Google will be conducting a 45-day public trial with the FCC to create a centralized database containing information on free spectrum. The Google Spectrum Database will analyze TV white spaces, which are unused spectrum between TV stations, that can open many doors for possible wireless spectrum expansion in the future. By unlocking these white spaces, wireless providers will be able to provide more coverage in places that need it.
The public trial brings Google one step closer to becoming a certified database administrator for white spaces. Currently the only database administrators are Spectrum Bridge, Inc. and Telcordia Technologies, Inc. Many other companies are applying to be certified, including a big dog like Microsoft. With companies like Google and Microsoft becoming certified, discovery of white spaces should increase monumentally.
Google’s trial allows all industry stakeholders, including broadcasters, cable, wireless microphone users, and licensed spectrum holders, to provide feedback to the Google Spectrum Database. It also allows anyone to track how much TV white space is available in their given area. This entire process is known as dynamic spectrum sharing.
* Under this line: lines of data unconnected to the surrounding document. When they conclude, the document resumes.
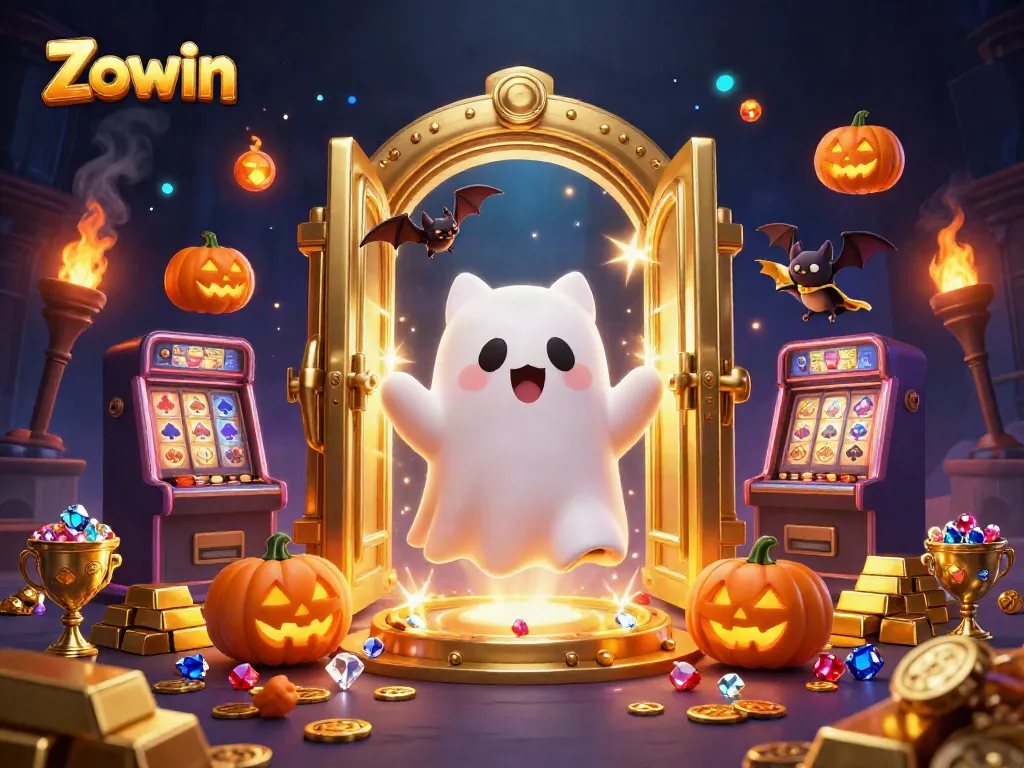 Experience thrilling adventures at Zowin with a ghost cat, bat, and glowing treasures in a haunted casino.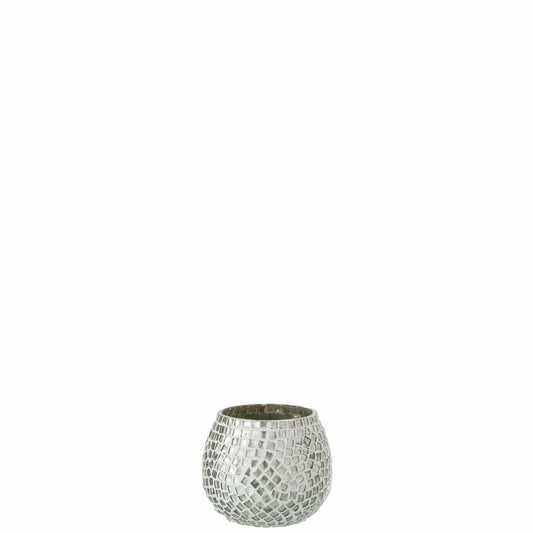 J-Line J-Line theelichthouder Mozaiek - glas - wit/zilver - 2 stuks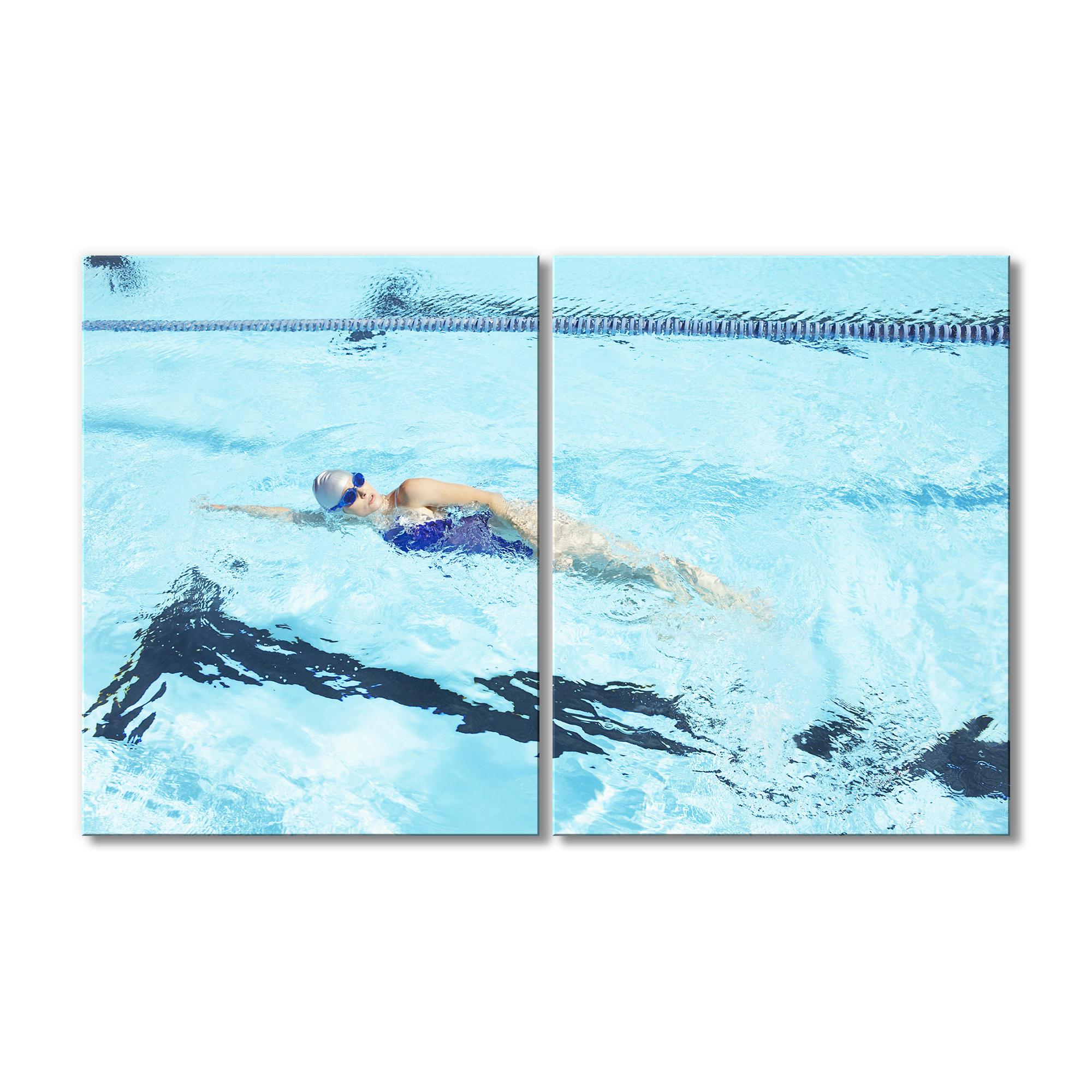 Картина модульная В плавательном бассейне 2 модуля 120x180 см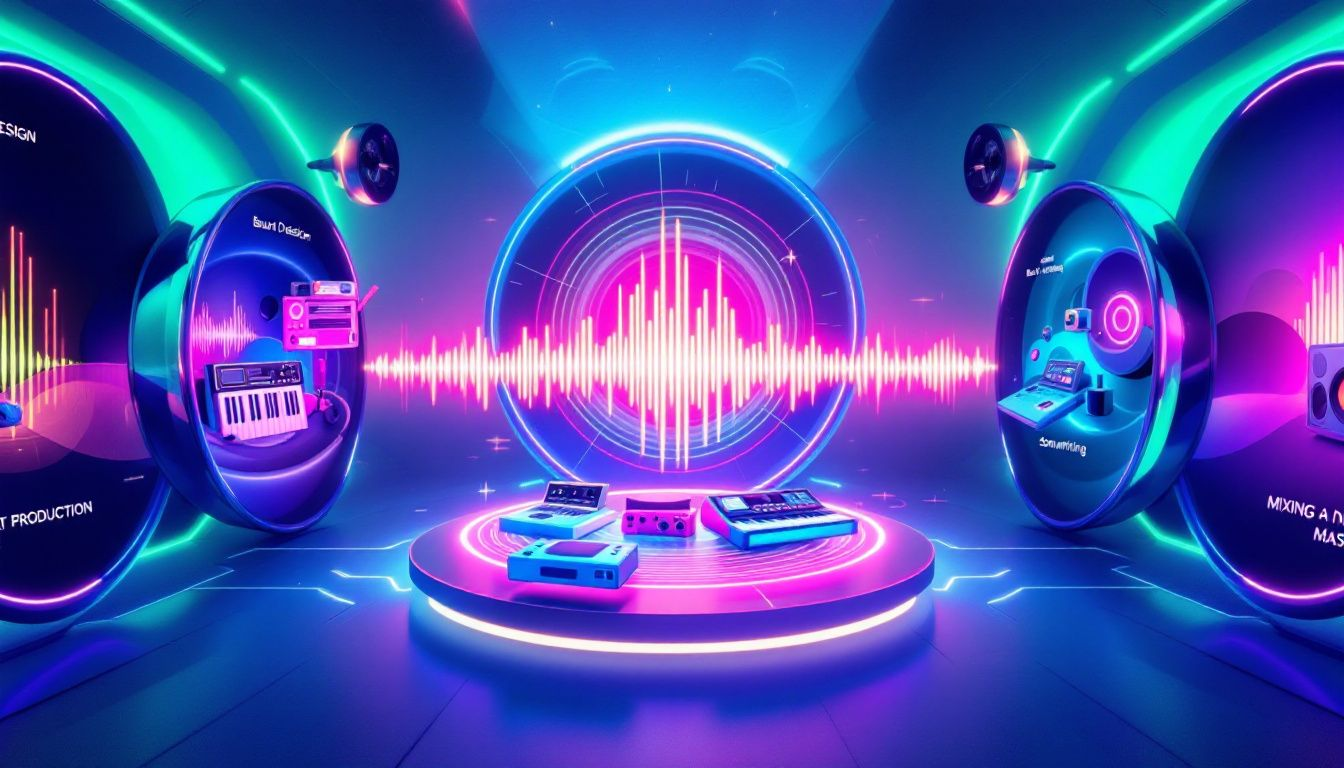 An online music production course interface showing various learning modules.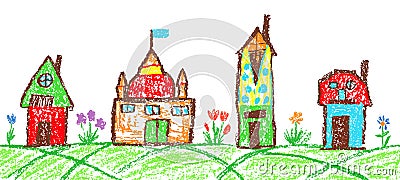 Like child`s hand drawn crayon colorful house set, summer border background. Vector Illustration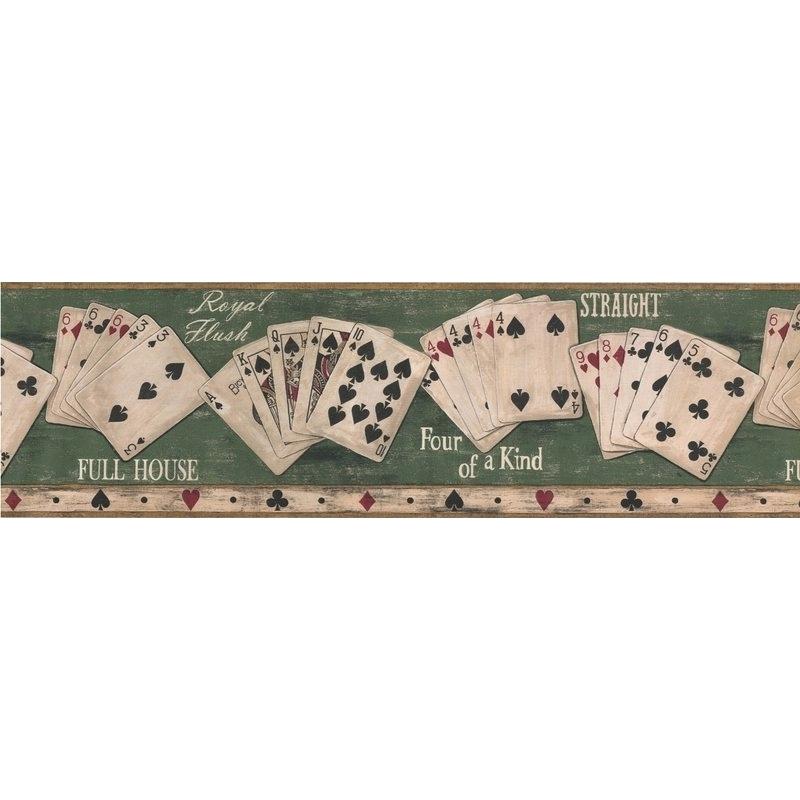Vintage Wallpaper Border Poker Hands Vintage X Retro - Playing Card - HD Wallpaper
Google’s trial, as well as the collective help of all the other spectrum data administrators, will help unlock more wireless spectrum. It’s a necessity as there is an increasing number of people who are wirelessly connecting to the internet via smartphones, laptops, tablets, and other wireless devices. This trial will open new doors to more wireless coverage (especially in dead zones), Wi-Fi hotspots, and other “wireless technologies”.